L’Italia, dall’entrata in vigore del Decreto Ronchi nel 1997, è diventato uno dei Paesi dell’Unione europea che ha fatto registrare le migliori performance nel settore del riciclo. Soprattutto nel riciclo degli imballaggi. Secondo gli ultimi dati diffusi dal Conai, il Consorzio Nazionale Imballaggi, responsabile presso le istituzioni nazionali e comunitarie del raggiungimento, a livello nazionale, degli obiettivi di legge, nel 2023 sono stati riciclati 10 milioni 470 mila tonnellate di rifiuti di imballaggio, pari al 75,3% dell’immesso al consumo (13 milioni 900 mila tonnellate). Ben oltre gli obiettivi europei al 2030. Se, poi, al riciclo si somma il recupero energetico – ossia l’uso di rifiuti di imballaggio come combustibile alternativo per produrre energia – il totale degli imballaggi recuperati e sottratti alla discarica arriva a 11 milioni 804 mila tonnellate, l’84% dell’immesso al consumo.
I dati appunto. “L’attenzione e l’accuratezza dei dati per noi è un valore. Il sistema Italia ha dimostrato di essere uno tra i più affidabili nel fornire informazioni all’Unione Europea. E veniamo al tema della cauzione. Per le lattine in alluminio il problema non si pone, avendo già oggi raggiunto un tasso di riciclo, e non di raccolta, che supera il 93%. Quando parliamo di bottiglie di plastica dobbiamo tener presente che queste rappresentano il 20% degli imballaggi in plastica immessi al consumo in un anno, meno del 4% di tutti gli imballaggi. Rispetto gli obiettivi previsti al 2029, stiamo parlando, quindi, di circa 70 mila tonnellate, ossia lo 0,5% del totale degli imballaggi”, ha sottolineato Simona Fontana, direttrice del Conai.
“Le recenti iniziative messe in campo con Anci come il progetto sulle raccolte nelle sette Città metropolitane del Centro-Sud, che mira a raccogliere gli imballaggi dove è più facile intercettarli, nelle grandi città, appunto.

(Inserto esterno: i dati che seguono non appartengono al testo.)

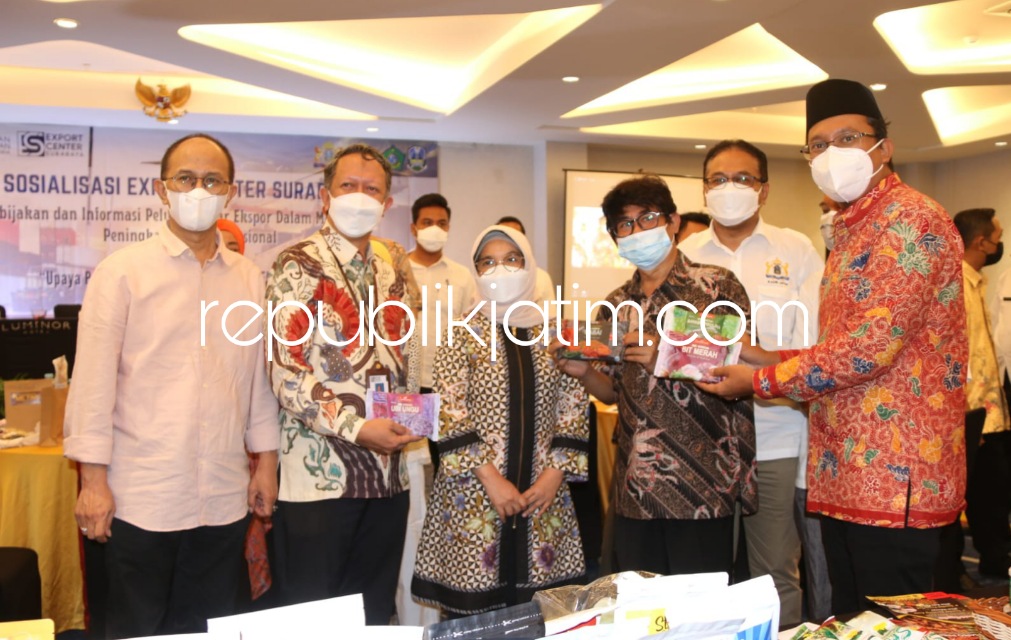 UMKM - Bupati Sidoarjo, Ahmad Muhdlor Ali memulihkan perekonomian dengan terus menggenjot perkembangan UMKM di Sidoarjo lewat program Kurda Sayang yang sudah terserap Rp 6,8 miliar pada triwulan pertama.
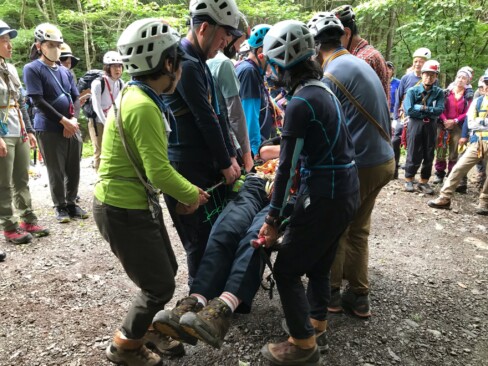 ストック6本使用。真ん中の担当が重い!!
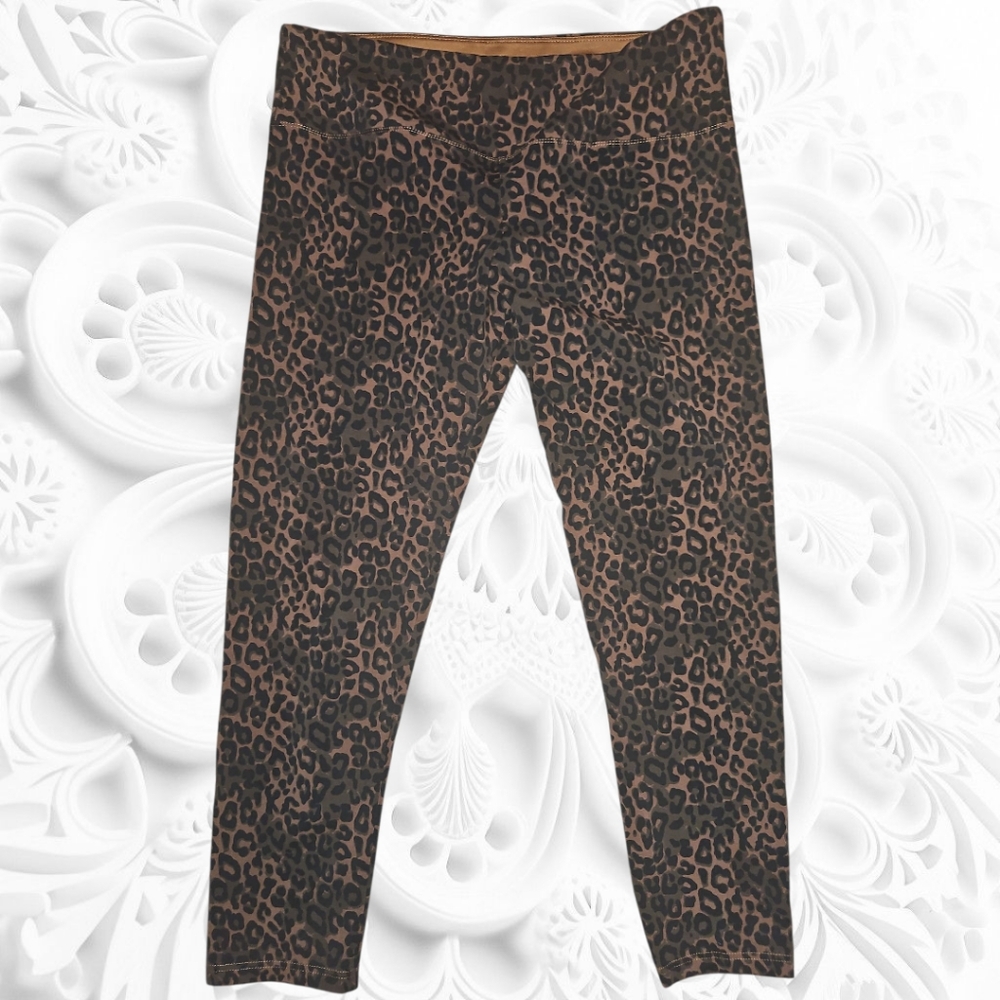 Casablanca Capri Leopard Print Women's Leggings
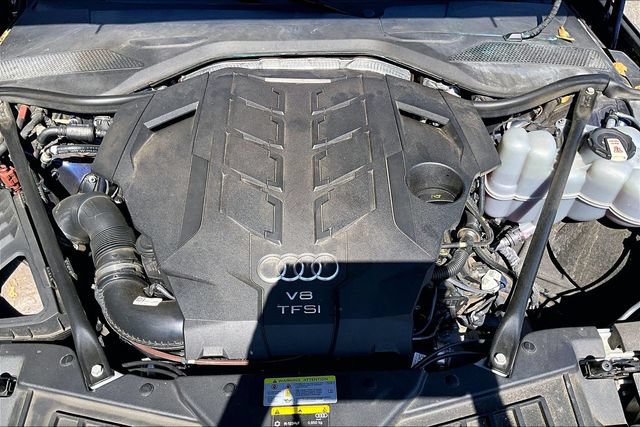 Certified 2021 Audi A8 L 4.0T w/ Executive Plus Package AWD/4WD image 31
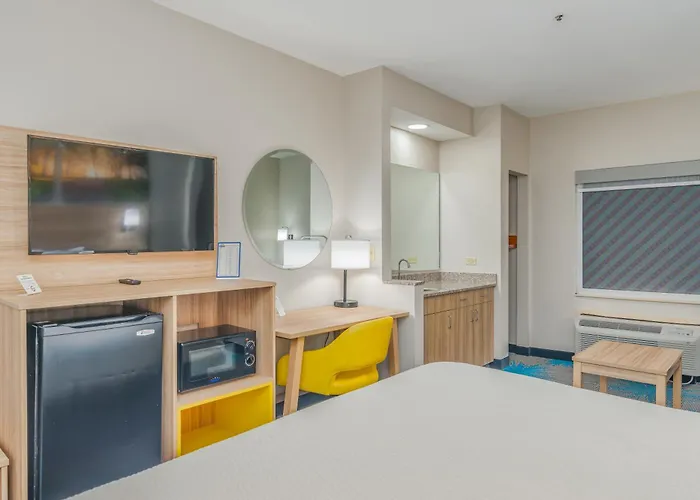 Days Inn & Suites By Wyndham Prattville-Montgomery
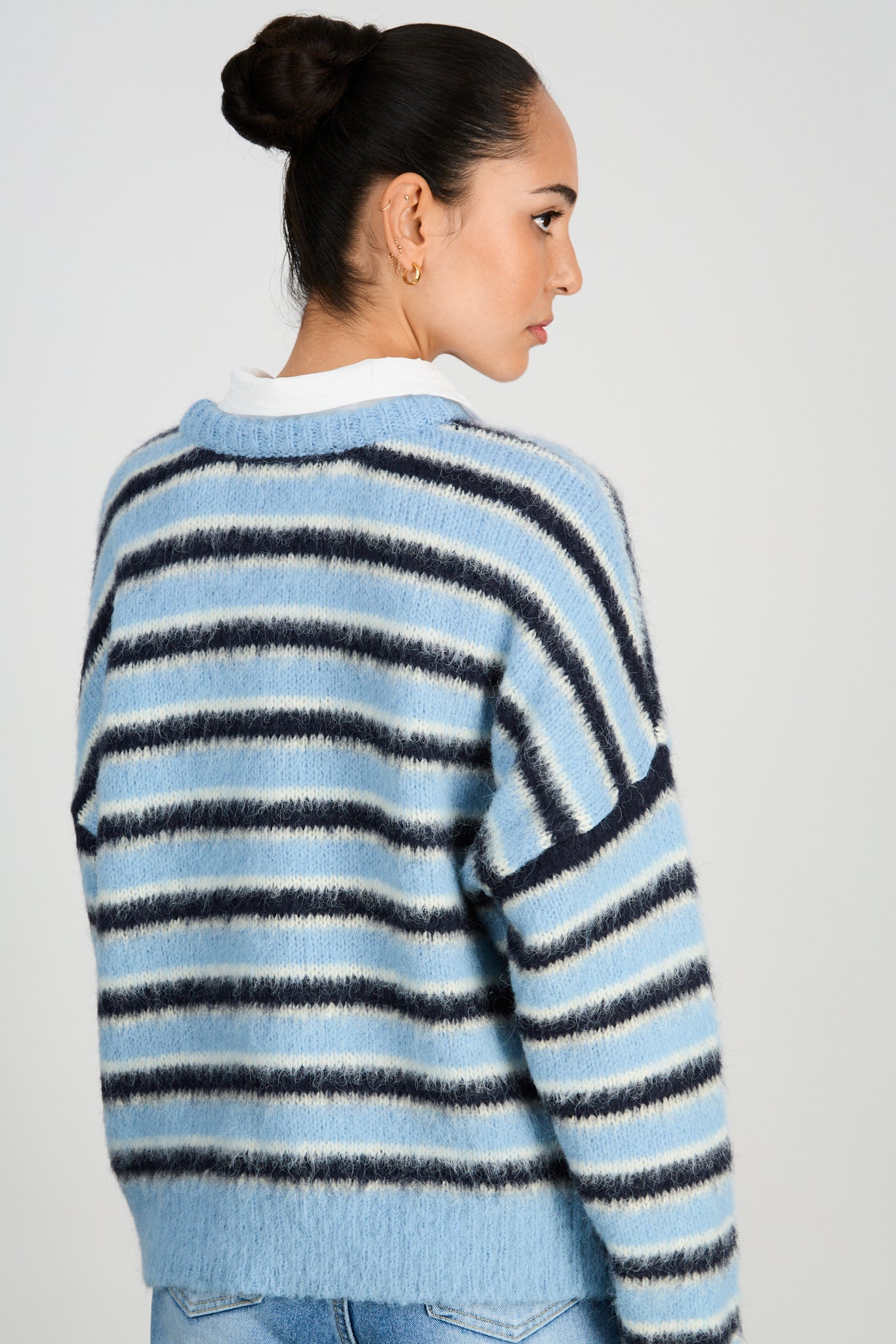 Light and dark blue alpaca wool blend striped crew neck jumper_3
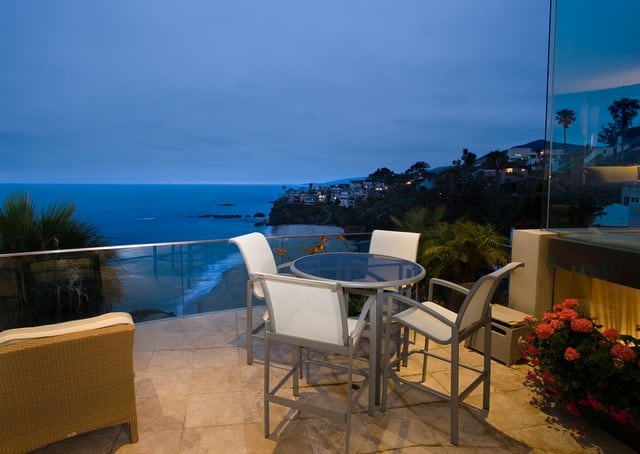 Extraordinary Laguna Beach House   DesignRulz.com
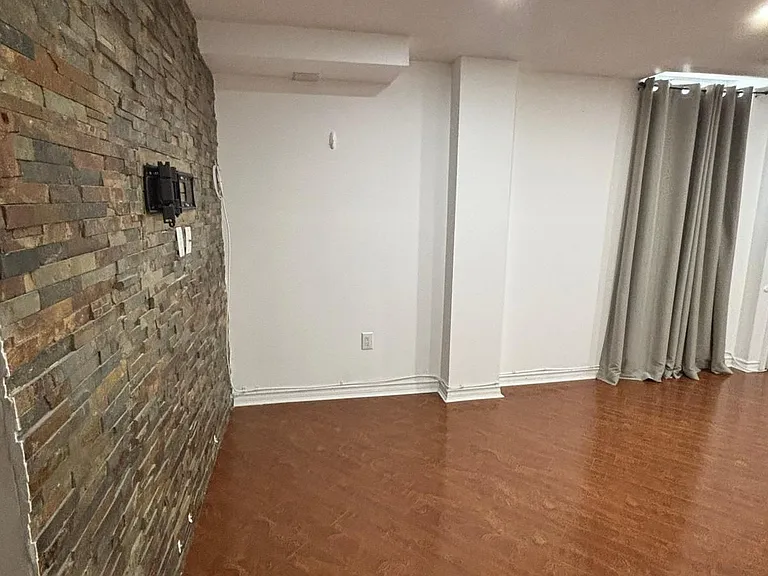 3860 McDowell Dr #BASEMENT — Photo 10
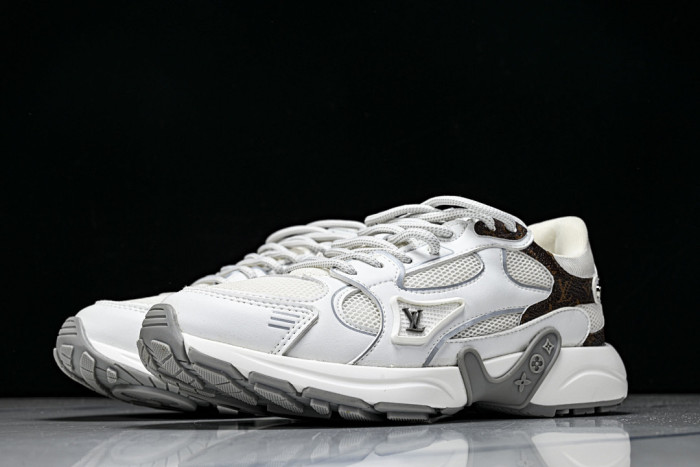 LOVT Olympia lv-615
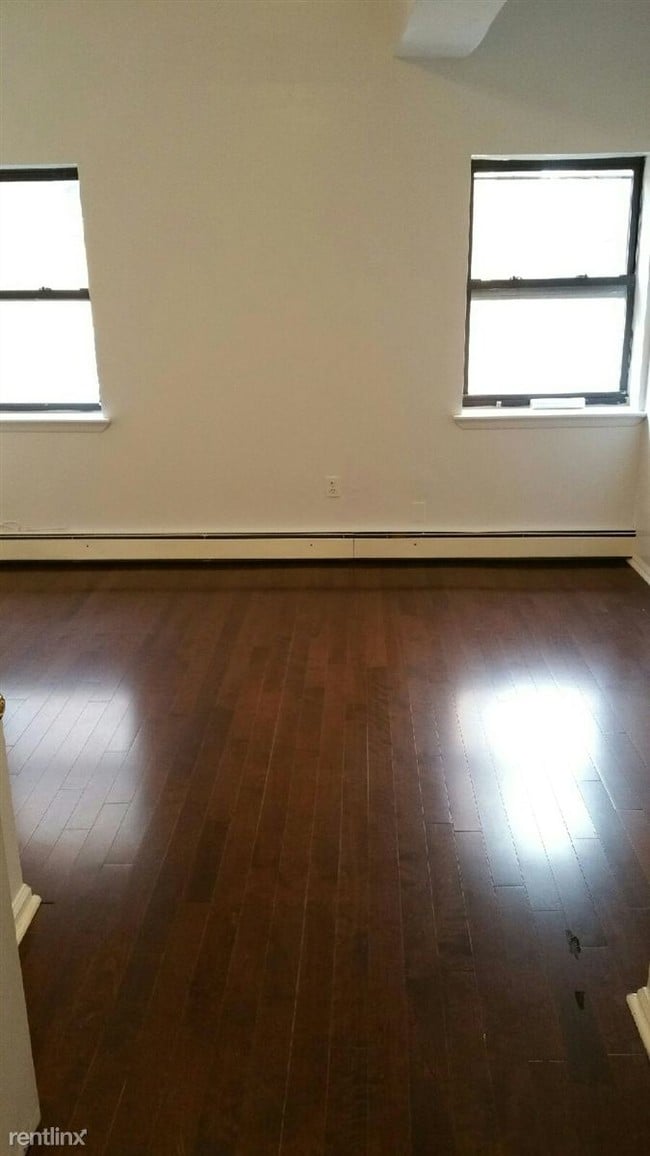 Building Photo - 2 br, 1.5 bath  - 5700 Mosholu Ave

E con progetti mirati, insieme ai consorzi Coripet e Corepla, nella raccolta delle bottiglie di plastica. Questo ci permetterà di colmare quello 0,5% che manca per raggiungere l’obiettivo previsto”.
Sulla stessa linea Veronica Nicotra, segretario generale dell’Anci, l’associazione dei Comuni italiani. “Premesso che stiamo parlando di una porzione marginale dei rifiuti, penso sia opportuno mettere intorno a un tavolo tutte le parti interessate per trovare soluzioni che vadano nella direzione auspicata per il nostro Paese. Grazie agli accordi con i consorzi, sono stati fatti enormi progressi anche in aree molto difficili, come il Centro-Sud. Concordo sulla proposta di avviare sperimentazioni nei territori più recettivi e più avanzati”.
In attesa che Bruxelles licenzi il testo definitivo del Regolamento, cerchiamo di essere realisti e guardare la specificità della italiana che negli ultimi anni ha costruito un sistema industriale del riciclo tra i più avanzati in Europa. Ben vengano comunque pratiche e sperimentazioni che possano supportare un tessuto imprenditoriale già collaudato e che, con i fondi del Pnrr per nuove strutture nel Sud del Paese, possa completare un tessuto territoriale all’avanguardia per attuare una concreta transizione verso una compiuta economia circolare.